Who begins a talk about the mysteries of the cosmos with a story about a broken foot and a Polish jack-of-all-trades miracle worker?
Rob Bell does.
In my last post, which was a review of the Progressive Youth Ministry Conference, I ended by alluding that Rob Bell spoke, without giving much print to him.
Truth be told, Rob was indeed the featured “celebrity” speaker, the reason why some choose to attend the conference and for many the highlight of the weekend.
For ten years, much of my youth ministry teaching and pulpit preaching drew ideas and insights from Rob Bell’s books and Nooma videos. I have always appreciated his thoughts and admired his way of communicating. I know he has received a bad rap by a sub-sect of more fundamental Christians, but I still applaud his vision and was very happy to see him invited to come and speak at this year’s conference.
In classic Bell fashion, he cleverly crafted a story that helped illustrate how every question (and relative answer) always lends to another question…with a set of answers that inevitably lead to more questions.. Etc.. etc.
Every question and answer leads deeper down into mystery.
One of the basic premises of his talk was the view that all discoveries of humanity thus far, have actually done little to make sense of the human experience and emotions involved. Scientists becomes theologians the moment they exclaim “Wow” at some wonder they observe. Similarly we become theologians when we experience something profound that no discovery can address.
To Bell, the world will always need those who can create spaces for people to share in the unexplained mysteries of life. The human experience is rife with raw emotions that cannot be simply explained or rationed away. These emotions and longings draw us inextricably together in ways that modern science (such as quantum entanglement) may beginning to now realize.
The posture for people of faith towards the advancement of the sciences should be an openness without fear that it will limit our view. Rather, all discoveries and “truth” should be claimed and celebrated as an expanding of God’s presence in the cosmos and our particular lives.

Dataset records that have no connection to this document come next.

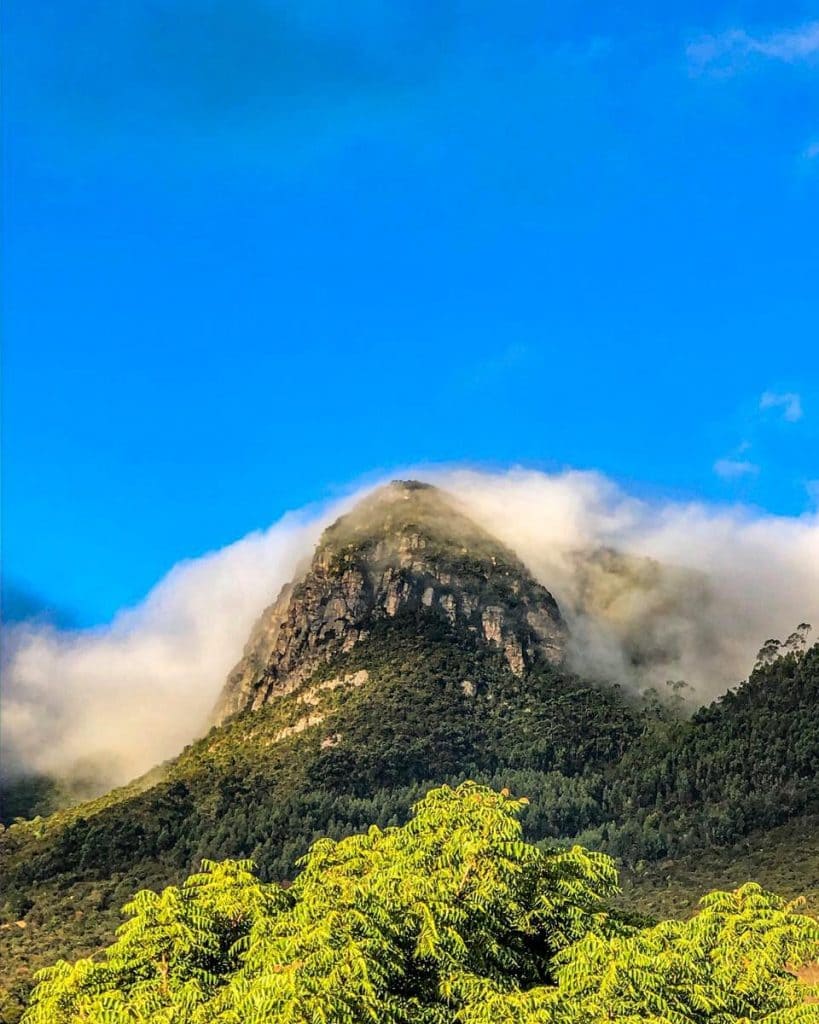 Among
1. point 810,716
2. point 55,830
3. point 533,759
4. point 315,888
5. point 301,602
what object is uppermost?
point 301,602

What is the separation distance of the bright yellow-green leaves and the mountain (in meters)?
58.7

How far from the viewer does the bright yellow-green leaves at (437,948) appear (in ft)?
46.2

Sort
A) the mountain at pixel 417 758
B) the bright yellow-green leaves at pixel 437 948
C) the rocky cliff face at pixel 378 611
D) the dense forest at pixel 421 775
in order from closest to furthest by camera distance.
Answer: the bright yellow-green leaves at pixel 437 948 → the mountain at pixel 417 758 → the dense forest at pixel 421 775 → the rocky cliff face at pixel 378 611

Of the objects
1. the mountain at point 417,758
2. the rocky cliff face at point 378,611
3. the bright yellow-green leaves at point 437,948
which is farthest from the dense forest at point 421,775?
the bright yellow-green leaves at point 437,948

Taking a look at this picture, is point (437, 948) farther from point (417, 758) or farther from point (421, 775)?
point (417, 758)

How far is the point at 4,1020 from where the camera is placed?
1909 inches

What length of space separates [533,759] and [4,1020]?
109 meters

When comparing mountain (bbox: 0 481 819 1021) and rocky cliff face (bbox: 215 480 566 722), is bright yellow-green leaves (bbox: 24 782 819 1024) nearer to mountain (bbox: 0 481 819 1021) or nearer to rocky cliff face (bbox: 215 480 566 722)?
mountain (bbox: 0 481 819 1021)

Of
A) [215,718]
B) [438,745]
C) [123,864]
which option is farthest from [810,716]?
[215,718]

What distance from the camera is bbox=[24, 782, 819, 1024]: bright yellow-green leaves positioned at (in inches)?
554

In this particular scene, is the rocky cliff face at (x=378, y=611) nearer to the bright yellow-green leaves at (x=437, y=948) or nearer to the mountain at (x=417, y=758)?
the mountain at (x=417, y=758)

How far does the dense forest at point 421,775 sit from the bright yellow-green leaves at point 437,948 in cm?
7016

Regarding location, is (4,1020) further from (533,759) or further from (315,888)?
(533,759)

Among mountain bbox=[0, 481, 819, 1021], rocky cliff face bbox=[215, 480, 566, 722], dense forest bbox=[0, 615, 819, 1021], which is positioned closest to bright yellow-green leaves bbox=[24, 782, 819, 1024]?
mountain bbox=[0, 481, 819, 1021] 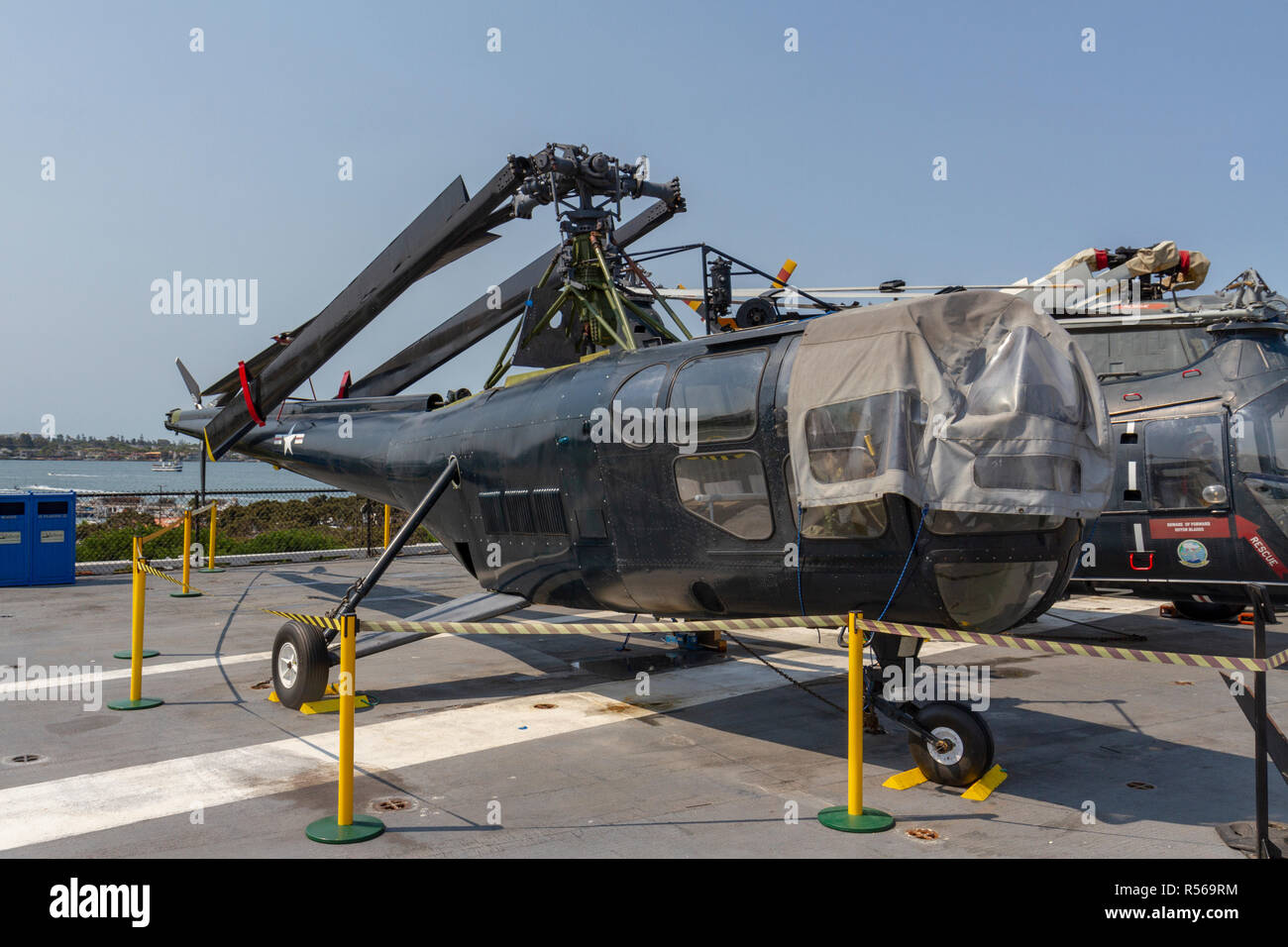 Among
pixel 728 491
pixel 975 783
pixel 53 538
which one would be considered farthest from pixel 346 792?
pixel 53 538

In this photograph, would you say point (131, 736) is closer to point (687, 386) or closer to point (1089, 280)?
point (687, 386)

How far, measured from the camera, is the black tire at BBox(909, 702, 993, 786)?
640 centimetres

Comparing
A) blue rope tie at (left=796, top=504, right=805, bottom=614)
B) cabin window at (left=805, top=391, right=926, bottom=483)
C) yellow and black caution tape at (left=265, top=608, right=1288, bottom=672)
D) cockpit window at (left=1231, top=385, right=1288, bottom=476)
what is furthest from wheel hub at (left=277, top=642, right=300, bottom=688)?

This mindset does indeed enhance, rather than inhibit, our sense of the inter-connectivity of everything and that the presence of God does permeate in all, through all and with all. This seems to concur with the ancients view of God and Jesus’ own beliefs. The great religious traditions have a beautiful role to still play in the world, but too often focus on creating (and then defending/protecting/expanding) their own particular “temples” i.e. institutions, buildings, doctrines, denominations, creeds, etc..
The challenge, Rob offered, is for church to build up the temple in order to inspire others but not to focus on the temple…rather tear it down and let the Divine flood into the world. This does not insinuate that God’s presence and activity is not already permeable throughout the cosmos, but rather how often people of faith believe that it somehow exists and operates almost exclusively within particularities. The Jews certainly believed that to be true with the Divine and the Temple. Jesus came onto the scene and radially revolutionized that concept in many ways, one of which was his conversation with a woman at a well:
1 Jesus said to her, “Woman, believe me, the hour is coming when you will worship the Father neither on this mountain nor in Jerusalem. 22 You worship what you do not know; we worship what we know, for salvation is from the Jews. 23 But the hour is coming, and is now here, when the true worshipers will worship the Father in spirit and truth, for the Father seeks such as these to worship him. 24 God is spirit, and those who worship him must worship in spirit and truth.”
Sadly, many Christians have continued this false dichotomy and almost dualism by insisting that God can only be found, understood and experienced through very specific (and often limited) means. This may include one’s particular creed, denomination, theological view, style of music, method of baptism, etc. etc.. etc…
What if the whole thing is a temple?
Everything and everywhere. The heights and depths. The earth and the heavens. The past and the future. Those of homo-sapien origins and perhaps those of extraterrestrial existence?
It seems to me that if this were true, it would expand God’s majesty and beauty, while at the same time enhancing the importance of every aspect of life. No more would the sacred -secular divide exist, which appears to be what Jesus desired and ushered in.
Well, every question leads to other questions, so I will ruminate on this idea for some time but am glad that Rob came to not only entertain us comically, but also enlighten us theologically in brilliant Bell fashion.